> Required action:
Word for word, reproduce every record in the listing below.
*** Opening Dataset ***
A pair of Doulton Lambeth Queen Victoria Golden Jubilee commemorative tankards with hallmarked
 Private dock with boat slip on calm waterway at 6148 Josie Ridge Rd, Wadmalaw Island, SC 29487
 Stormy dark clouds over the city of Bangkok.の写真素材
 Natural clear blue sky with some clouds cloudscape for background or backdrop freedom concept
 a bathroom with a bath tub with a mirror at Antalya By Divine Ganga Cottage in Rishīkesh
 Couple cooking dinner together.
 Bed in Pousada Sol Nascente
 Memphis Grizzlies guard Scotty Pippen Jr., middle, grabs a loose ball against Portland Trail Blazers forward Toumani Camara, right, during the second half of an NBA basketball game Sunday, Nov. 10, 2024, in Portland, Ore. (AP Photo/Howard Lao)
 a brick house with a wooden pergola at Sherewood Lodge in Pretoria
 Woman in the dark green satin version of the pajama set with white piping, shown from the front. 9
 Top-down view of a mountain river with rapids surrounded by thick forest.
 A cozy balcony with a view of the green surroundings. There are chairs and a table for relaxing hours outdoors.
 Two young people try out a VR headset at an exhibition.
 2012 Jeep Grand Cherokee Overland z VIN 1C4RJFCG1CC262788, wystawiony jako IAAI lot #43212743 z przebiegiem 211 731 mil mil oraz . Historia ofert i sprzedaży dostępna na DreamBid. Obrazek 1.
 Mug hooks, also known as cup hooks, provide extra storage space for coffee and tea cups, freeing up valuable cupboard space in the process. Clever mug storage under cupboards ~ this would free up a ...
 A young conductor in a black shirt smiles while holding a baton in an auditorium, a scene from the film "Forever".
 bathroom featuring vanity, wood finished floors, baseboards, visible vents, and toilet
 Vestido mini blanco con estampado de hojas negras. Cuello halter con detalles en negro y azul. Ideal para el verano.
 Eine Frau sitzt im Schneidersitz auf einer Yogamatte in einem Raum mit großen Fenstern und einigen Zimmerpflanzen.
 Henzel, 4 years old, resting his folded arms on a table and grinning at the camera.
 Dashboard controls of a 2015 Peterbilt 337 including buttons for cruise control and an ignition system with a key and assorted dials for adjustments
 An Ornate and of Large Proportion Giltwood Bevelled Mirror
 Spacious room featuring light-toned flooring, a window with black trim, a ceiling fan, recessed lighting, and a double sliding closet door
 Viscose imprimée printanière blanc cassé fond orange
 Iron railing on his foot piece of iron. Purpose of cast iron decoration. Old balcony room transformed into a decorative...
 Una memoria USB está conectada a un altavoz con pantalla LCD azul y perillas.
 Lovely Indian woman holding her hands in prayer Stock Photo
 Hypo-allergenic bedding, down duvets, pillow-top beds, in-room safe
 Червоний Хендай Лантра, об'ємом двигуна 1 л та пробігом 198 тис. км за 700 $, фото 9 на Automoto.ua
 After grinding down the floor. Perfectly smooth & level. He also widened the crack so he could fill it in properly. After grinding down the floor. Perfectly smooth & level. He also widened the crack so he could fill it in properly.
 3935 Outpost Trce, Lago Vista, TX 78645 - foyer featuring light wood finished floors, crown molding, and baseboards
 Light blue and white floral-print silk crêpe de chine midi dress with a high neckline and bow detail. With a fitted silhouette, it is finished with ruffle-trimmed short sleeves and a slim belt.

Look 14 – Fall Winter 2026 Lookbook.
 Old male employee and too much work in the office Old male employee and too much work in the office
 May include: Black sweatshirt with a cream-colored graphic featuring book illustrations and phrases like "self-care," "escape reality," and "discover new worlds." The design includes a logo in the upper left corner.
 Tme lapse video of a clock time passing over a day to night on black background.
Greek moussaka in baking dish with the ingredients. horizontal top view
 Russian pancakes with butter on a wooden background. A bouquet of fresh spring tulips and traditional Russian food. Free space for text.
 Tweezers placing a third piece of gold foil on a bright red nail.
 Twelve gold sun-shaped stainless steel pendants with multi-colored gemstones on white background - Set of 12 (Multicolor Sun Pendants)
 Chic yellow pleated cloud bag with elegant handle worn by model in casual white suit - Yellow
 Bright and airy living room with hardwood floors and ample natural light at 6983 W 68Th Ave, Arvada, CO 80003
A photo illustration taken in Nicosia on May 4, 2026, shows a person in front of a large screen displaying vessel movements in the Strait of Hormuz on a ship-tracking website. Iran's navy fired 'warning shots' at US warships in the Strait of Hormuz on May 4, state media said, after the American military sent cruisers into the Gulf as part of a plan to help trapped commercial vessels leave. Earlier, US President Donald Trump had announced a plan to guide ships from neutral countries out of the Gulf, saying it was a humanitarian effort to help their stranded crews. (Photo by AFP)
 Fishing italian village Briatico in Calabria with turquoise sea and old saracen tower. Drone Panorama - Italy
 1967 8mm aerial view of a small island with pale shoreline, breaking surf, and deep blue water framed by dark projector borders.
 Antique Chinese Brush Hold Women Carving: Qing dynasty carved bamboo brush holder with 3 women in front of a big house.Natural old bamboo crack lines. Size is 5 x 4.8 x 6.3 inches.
*** Closing Dataset ***
> Response to the task:
A pair of Doulton Lambeth Queen Victoria Golden Jubilee commemorative tankards with hallmarked
 Private dock with boat slip on calm waterway at 6148 Josie Ridge Rd, Wadmalaw Island, SC 29487
 Stormy dark clouds over the city of Bangkok.の写真素材
 Natural clear blue sky with some clouds cloudscape for background or backdrop freedom concept
 a bathroom with a bath tub with a mirror at Antalya By Divine Ganga Cottage in Rishīkesh
 Couple cooking dinner together.
 Bed in Pousada Sol Nascente
 Memphis Grizzlies guard Scotty Pippen Jr., middle, grabs a loose ball against Portland Trail Blazers forward Toumani Camara, right, during the second half of an NBA basketball game Sunday, Nov. 10, 2024, in Portland, Ore. (AP Photo/Howard Lao)
 a brick house with a wooden pergola at Sherewood Lodge in Pretoria
 Woman in the dark green satin version of the pajama set with white piping, shown from the front. 9
 Top-down view of a mountain river with rapids surrounded by thick forest.
 A cozy balcony with a view of the green surroundings. There are chairs and a table for relaxing hours outdoors.
 Two young people try out a VR headset at an exhibition.
 2012 Jeep Grand Cherokee Overland z VIN 1C4RJFCG1CC262788, wystawiony jako IAAI lot #43212743 z przebiegiem 211 731 mil mil oraz . Historia ofert i sprzedaży dostępna na DreamBid. Obrazek 1.
 Mug hooks, also known as cup hooks, provide extra storage space for coffee and tea cups, freeing up valuable cupboard space in the process. Clever mug storage under cupboards ~ this would free up a ...
 A young conductor in a black shirt smiles while holding a baton in an auditorium, a scene from the film "Forever".
 bathroom featuring vanity, wood finished floors, baseboards, visible vents, and toilet
 Vestido mini blanco con estampado de hojas negras. Cuello halter con detalles en negro y azul. Ideal para el verano.
 Eine Frau sitzt im Schneidersitz auf einer Yogamatte in einem Raum mit großen Fenstern und einigen Zimmerpflanzen.
 Henzel, 4 years old, resting his folded arms on a table and grinning at the camera.
 Dashboard controls of a 2015 Peterbilt 337 including buttons for cruise control and an ignition system with a key and assorted dials for adjustments
 An Ornate and of Large Proportion Giltwood Bevelled Mirror
 Spacious room featuring light-toned flooring, a window with black trim, a ceiling fan, recessed lighting, and a double sliding closet door
 Viscose imprimée printanière blanc cassé fond orange
 Iron railing on his foot piece of iron. Purpose of cast iron decoration. Old balcony room transformed into a decorative...
 Una memoria USB está conectada a un altavoz con pantalla LCD azul y perillas.
 Lovely Indian woman holding her hands in prayer Stock Photo
 Hypo-allergenic bedding, down duvets, pillow-top beds, in-room safe
 Червоний Хендай Лантра, об'ємом двигуна 1 л та пробігом 198 тис. км за 700 $, фото 9 на Automoto.ua
 After grinding down the floor. Perfectly smooth & level. He also widened the crack so he could fill it in properly. After grinding down the floor. Perfectly smooth & level. He also widened the crack so he could fill it in properly.
 3935 Outpost Trce, Lago Vista, TX 78645 - foyer featuring light wood finished floors, crown molding, and baseboards
 Light blue and white floral-print silk crêpe de chine midi dress with a high neckline and bow detail. With a fitted silhouette, it is finished with ruffle-trimmed short sleeves and a slim belt.

Look 14 – Fall Winter 2026 Lookbook.
 Old male employee and too much work in the office Old male employee and too much work in the office
 May include: Black sweatshirt with a cream-colored graphic featuring book illustrations and phrases like "self-care," "escape reality," and "discover new worlds." The design includes a logo in the upper left corner.
 Tme lapse video of a clock time passing over a day to night on black background.
Greek moussaka in baking dish with the ingredients. horizontal top view
 Russian pancakes with butter on a wooden background. A bouquet of fresh spring tulips and traditional Russian food. Free space for text.
 Tweezers placing a third piece of gold foil on a bright red nail.
 Twelve gold sun-shaped stainless steel pendants with multi-colored gemstones on white background - Set of 12 (Multicolor Sun Pendants)
 Chic yellow pleated cloud bag with elegant handle worn by model in casual white suit - Yellow
 Bright and airy living room with hardwood floors and ample natural light at 6983 W 68Th Ave, Arvada, CO 80003
A photo illustration taken in Nicosia on May 4, 2026, shows a person in front of a large screen displaying vessel movements in the Strait of Hormuz on a ship-tracking website. Iran's navy fired 'warning shots' at US warships in the Strait of Hormuz on May 4, state media said, after the American military sent cruisers into the Gulf as part of a plan to help trapped commercial vessels leave. Earlier, US President Donald Trump had announced a plan to guide ships from neutral countries out of the Gulf, saying it was a humanitarian effort to help their stranded crews. (Photo by AFP)
 Fishing italian village Briatico in Calabria with turquoise sea and old saracen tower. Drone Panorama - Italy
 1967 8mm aerial view of a small island with pale shoreline, breaking surf, and deep blue water framed by dark projector borders.
 Antique Chinese Brush Hold Women Carving: Qing dynasty carved bamboo brush holder with 3 women in front of a big house.Natural old bamboo crack lines. Size is 5 x 4.8 x 6.3 inches.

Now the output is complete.